Among the possible areas that governmental plans might consider are the following:

  1. Cost of Living Adjustments

    Many public sector defined benefit plans provide one or another type of mechanism for protecting retirees from the effects of inflation. The IRS raised concern within the public pension community when it issued Private Letter Ruling 200452039 (September 30, 2004) that stated that the plan involved had to convert a retiring participant’s future COLA entitlements into a single life straight line annuity when testing a retiring participant’s benefits under the section 415(b) defined benefit limitation. The regulations make no express mention of this position so it is unclear whether that position has been adopted in the proposals. If it has not been adopted, it may mean the IRS intends that COLA increases under the plan rules in effect at the time of retirement are to be tested under the new complicated multiple annuity starting date rules for defined benefit plans included in the proposals, when the COLA increases are received. The new multiple annuity starting date rules are discussed immediately below.

  2. Multiple Annuity Starting Date Rules

    These rules require the benefit of a retired participant in a defined benefit plan to be retested under the complex new multiple annuity starting dates rules when the retiree’s benefit is increased, for example, because of an additional accrual obtained as a result of a return to service, a post-retirement change in the retiree’s option selection, the commencement of benefits from a second defined benefit plan required to be aggregated with the plan for section 415(b) purposes, and possibly COLA increases. The complex rules, among other things, require the plan to include in the benefit to be tested, a straight line annuity representing the actuarial value of benefits previously received by the retiree. The regulations do provide a safe harbor for cost of living increases provided solely to retirees whose benefits had previously been limited by the application of the defined benefit limit where such increases occur when the section 415(b) limits are increased, but that safe harbor does not appear to apply to other kinds of COLA increases.

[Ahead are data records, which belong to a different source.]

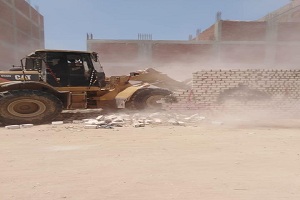 إزالة التعديات على أراضي أملاك الدولة بحي طره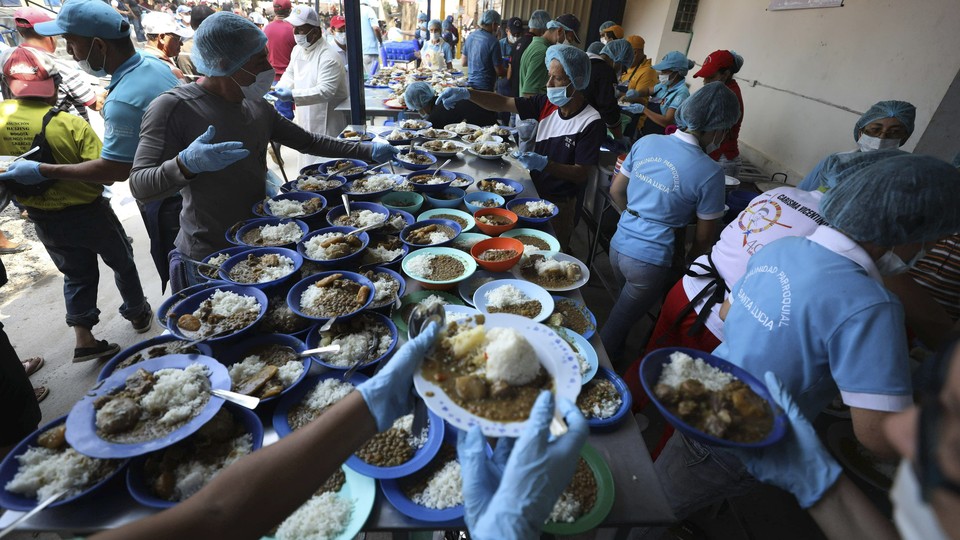 Volunteers prepare free lunches at a shelter near Cúcuta, Colombia.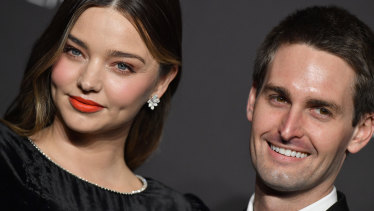 A sad homecoming for model Miranda Kerr and her billionaire husband Evan Spiegel who have quietly flown into Sydney.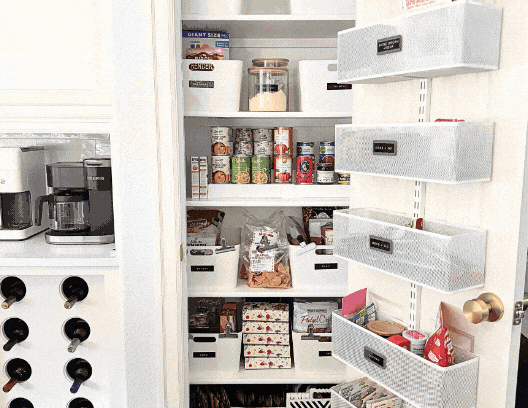 Organized pantry with categorized bins on light wood shelves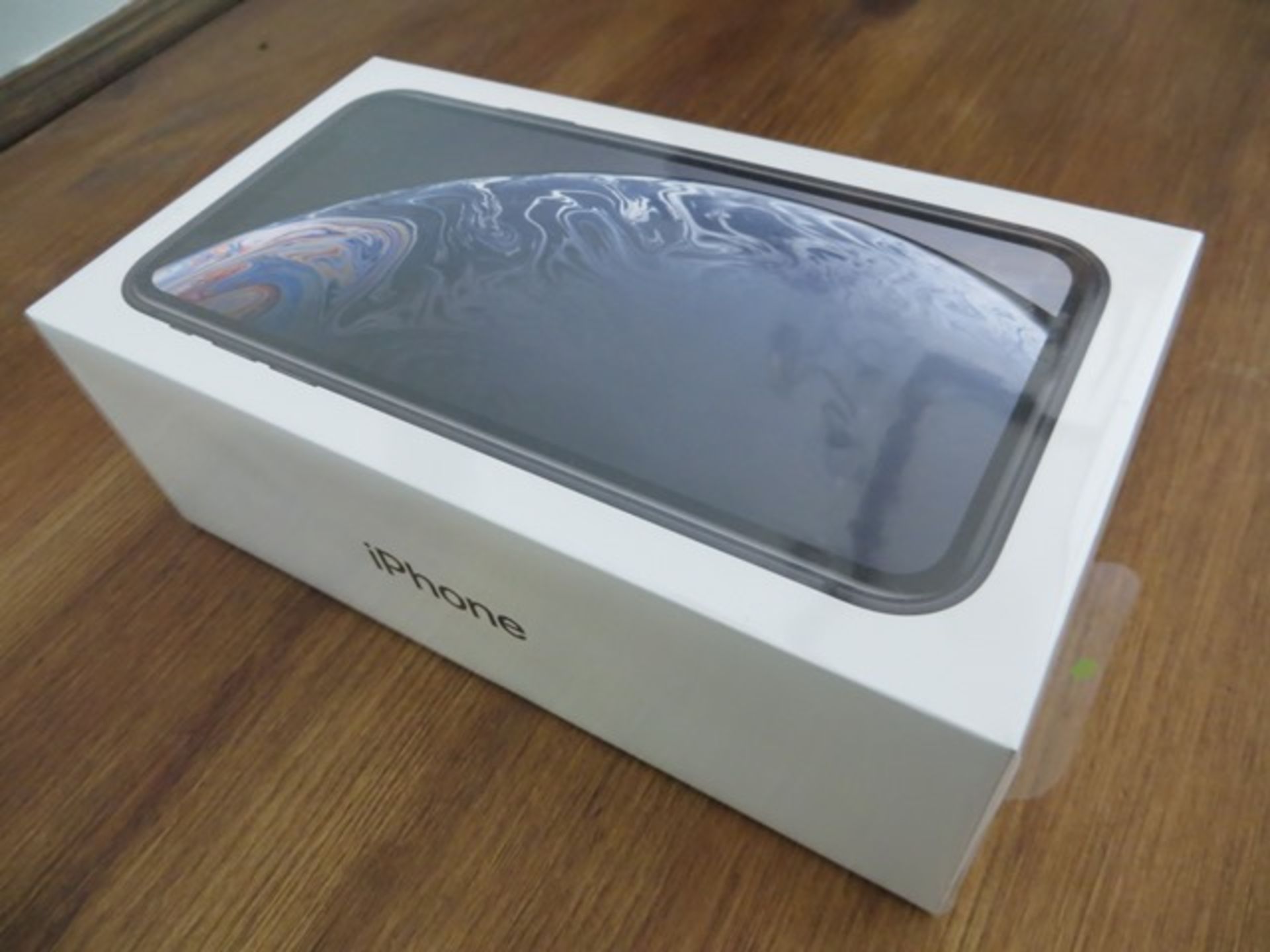 Apple iPhone XR Black 64Gb Unused unopened & boxed in original cellophane to include Earpods with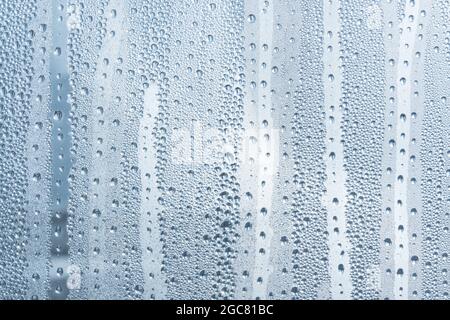 Nach dem Regen ruht ein kleiner Regentropfen auf dem Glas. Regentropfen Auf Dem Glas. Regentropfen auf dem Fenster. Blauton. Abstrakter Hintergrund. Stockfoto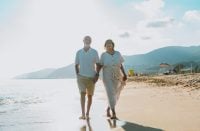Happy senior couple enjoying their vacation, walking hand in hand along the ocean shoreline at sunset, reflecting love, companionship, and retirement joy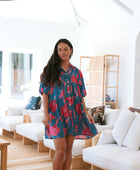 Woman wearing short loose blue dress with elbow length sleeves and large pink and red floral print.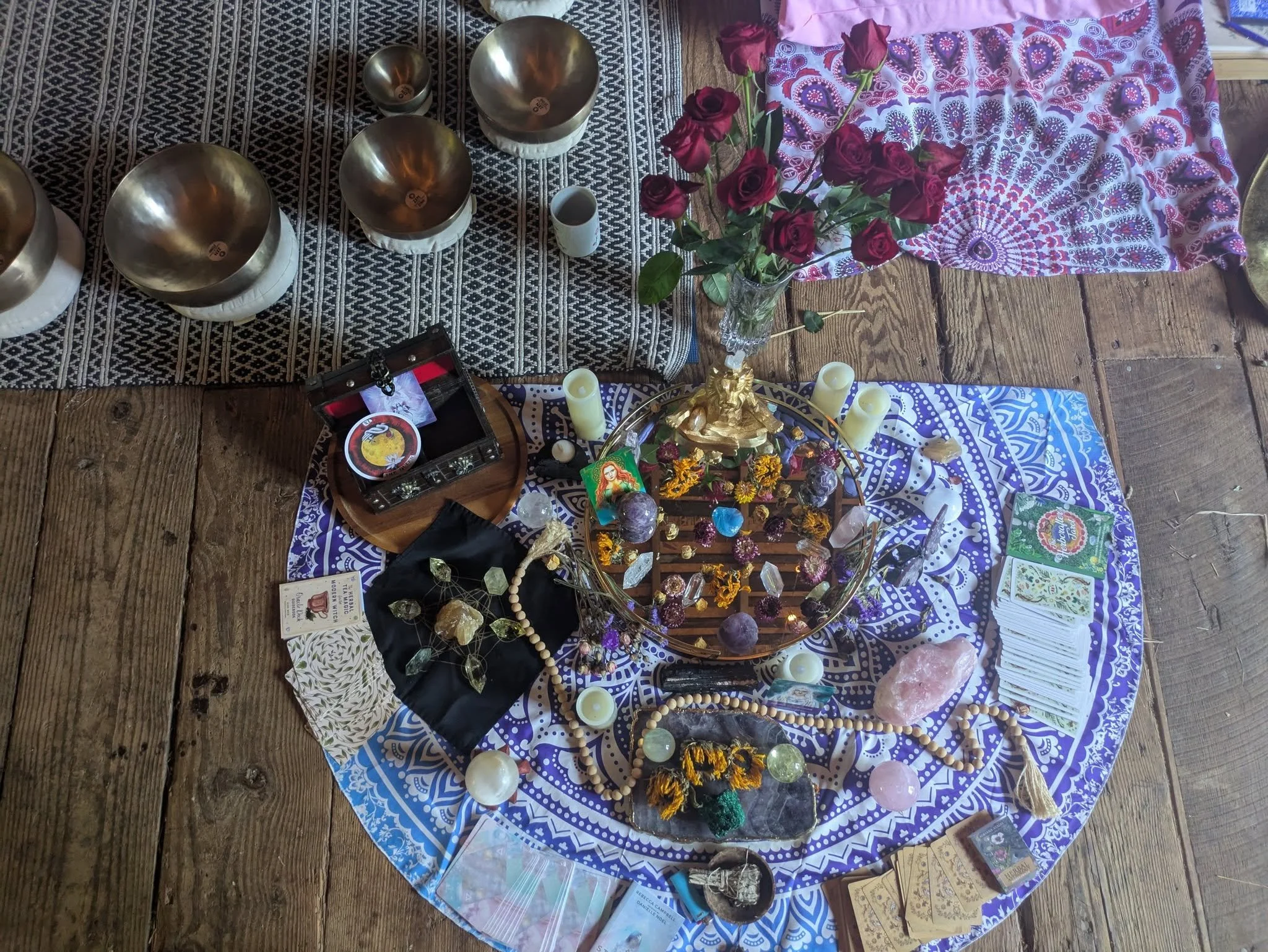 An arrangement of spiritual and mystical objects on a cloth-covered table, including roses, candles, crystals, tarot cards, and a small hand drum, possibly for a ritual or ritualistic display.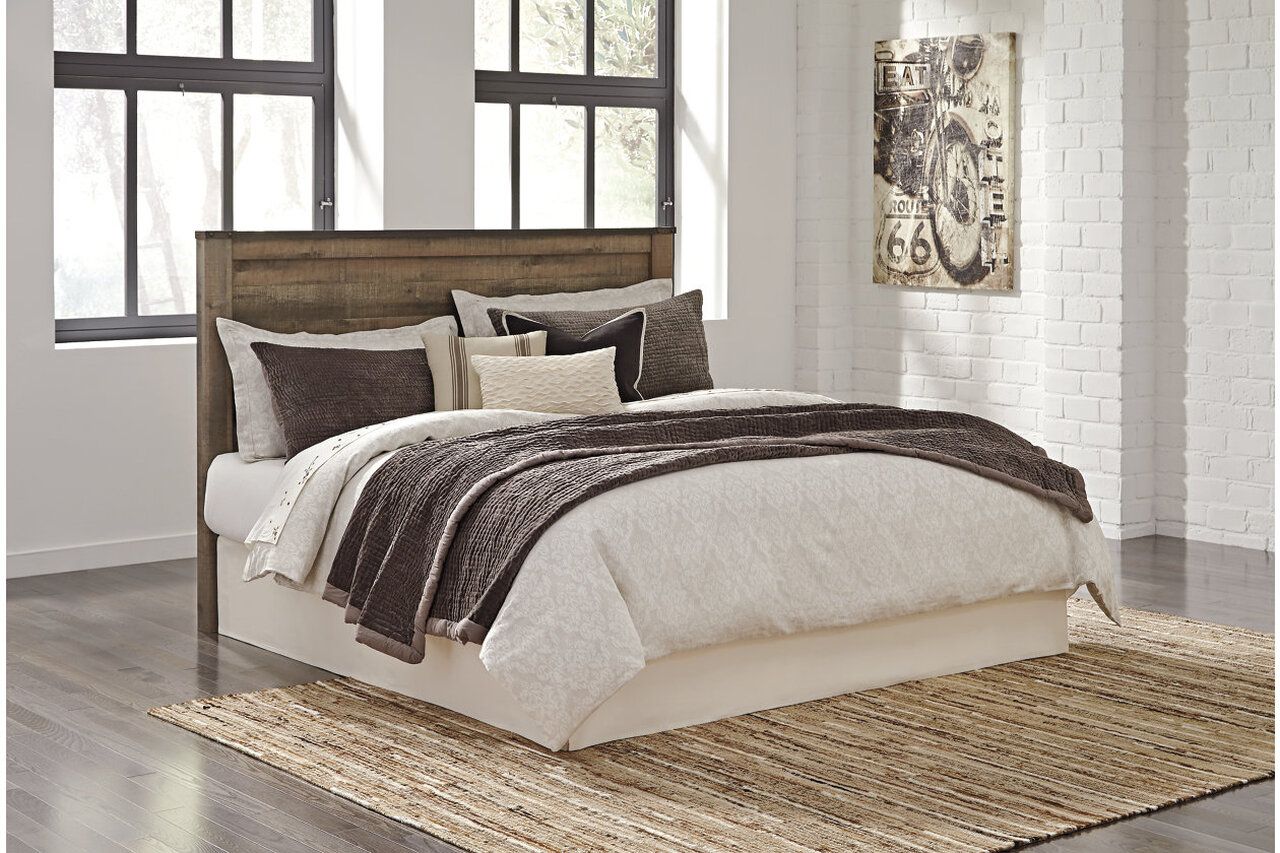 Trinell Brown King Panel Bed B446B23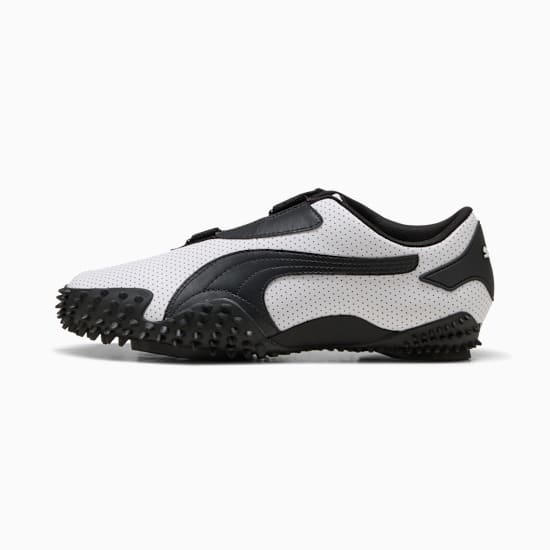 White PUMA women's shoe with black accents and a textured, studded sole.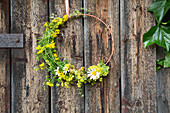 Floral wreath on rustic wooden wall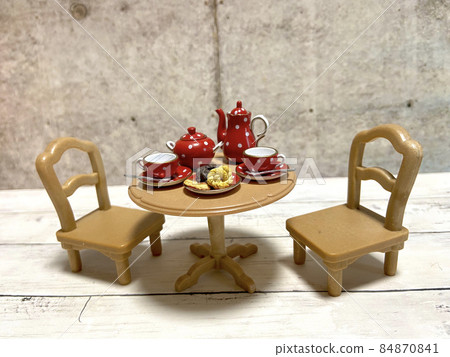 Image photo of enjoying tea time with a fashionable tea set Image photo of enjoying tea time with a fashionable tea set 84870841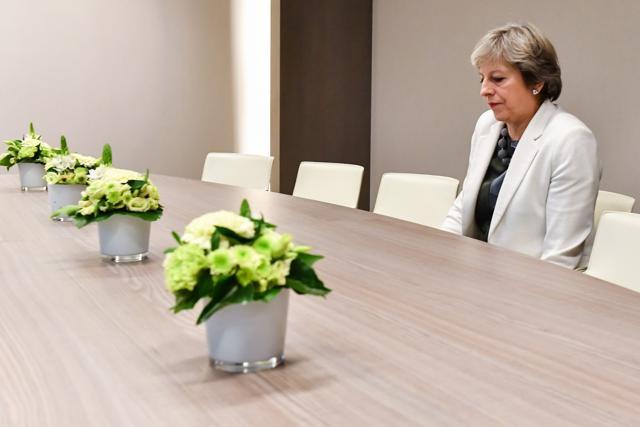 Theresa May takes a seat as she arrives for a bilateral meeting with European Council President Donald Tusk during an EU summit in Brussels on October 20, 2017. (AFP Photo)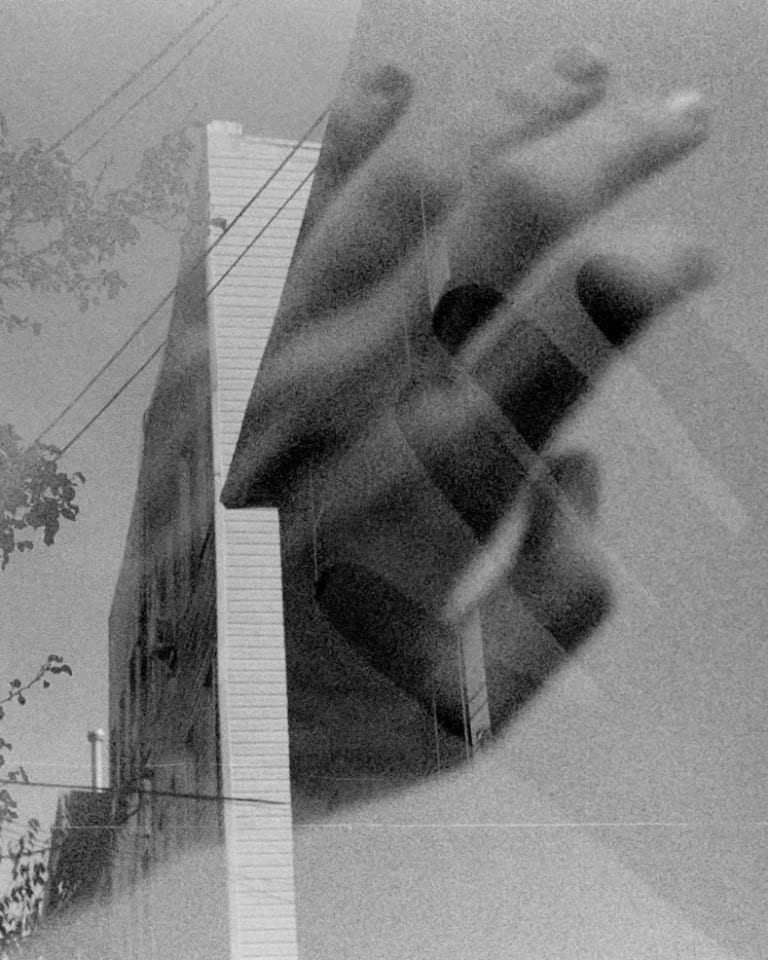 Black and white photo of two hands transposed over an apartment building with trees and power lines.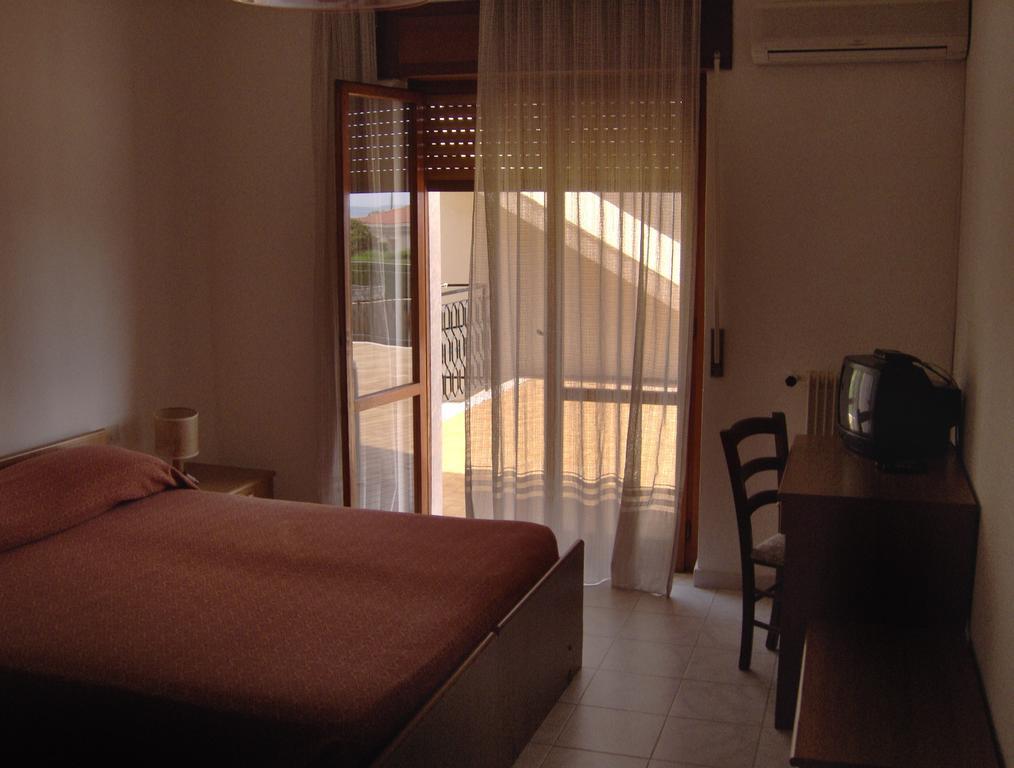 Hotel Svizzero Sangineto Pokoj fotografie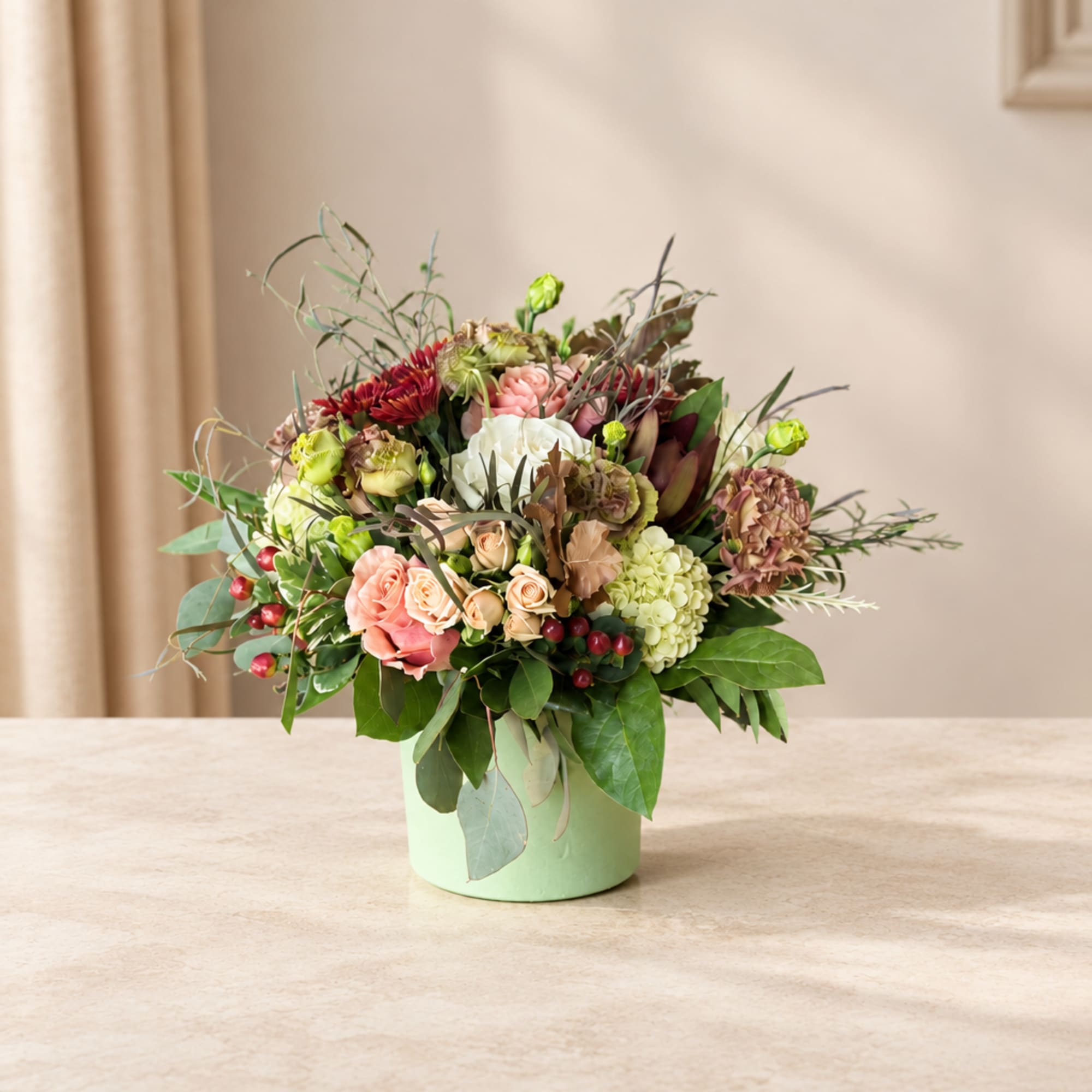Mixed bouquet in a pale green vase with pink, white, and burgundy blooms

  3. Converting Benefits to Single Life Straight Line Annuities for Section 415(b) Testing Purposes

    The regulations provide in the case of public sector plans (which are not subject to IRC section 417(e)(3)) that, when a retirees benefit is paid in a form other than a single life straight line annuity, the annuity benefit to be tested is the lesser of the straight line annuity, if any, that is payable at the same age under the plan (not the single life equivalent using the plan’s actuarial assumptions) or the straight line actuarial equivalent determined using a 5% interest rate and the IRS mortality assumptions.

  4. Treatment of Transferred Benefits

    The regulations distinguish between situations in which benefits are transferred among defined benefit plans that are required to be treated as one plan for section 415(b) testing purposes (e.g., in the case of transfers among defined benefit plans considered to be maintained by the “same employer”) and those in which benefits are transferred among defined benefit plans that are not required to be “aggregated,” that is, treated as one plan. Where benefits are transferred between plans that are not required to be aggregated, the transfers are treated like rollover contributions discussed immediately below. Because such rollovers would be considered distributions by the transferor plan, presumably they would have to be tested by the transferor plan under the section 415(b) limits at the time of distribution.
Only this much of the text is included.